The role of women in the modern world will be one of the central themes of the Synodal Assembly held in the Vatican. Meanwhile, the Italian Institute of Statistics (ISTAT) released the results of a study that drew attention to the gap between women’s education levels in Italy and their employment rates.
According to ISTAT analysts, firstly, “women in Italy are more educated than men: 65.7% of women aged 25 to 64 have at least a degree, compared to 60.3% of men.” Women graduates make up 23.5% of the total (only 17.1% among men). And the gap between the number of women who have at least a higher education and men who do not is “constantly increasing.” In Italy, differences of this kind “are more pronounced than the situation recorded on average in other countries of the European Union.”
However, the “female advantage in university education” does not translate into an “employment advantage” in Italy: women’s employment rate is much lower than men’s employment rate – 57.3% for women versus 78% for men – and the gap in 2022-2023 has become even wider.
It was noted that “employment differentials” are gradually decreasing, as the level of education “increases” (32.5 points for low qualifications, 21 for medium qualifications and 7.7 points for high qualifications), due to an increase in the female employment rate, compared to men’s.
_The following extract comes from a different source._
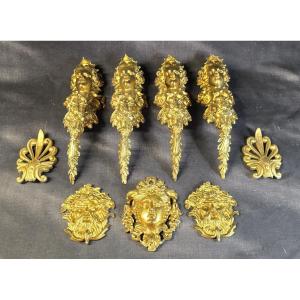 Set Of Decorative Gilt Bronze Furniture Ornaments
In other words, the employment rate among Italian graduates with higher education is 18.4 points higher than among graduates with secondary education. At the same time, among women graduates with secondary education, the corresponding indicator is 25.8 points higher than among women with at most incomplete secondary education. For men, the employment rate (graduates with higher and secondary education) is 5.1 points and 14.3 points, respectively.
Among Italian women, the difference compared to the similar European average “decreases as the level of education increases”: among female graduates, the employment rate is 4.7 points lower than the European Union average, a difference equal to about half of that observed for intermediate and incomplete levels.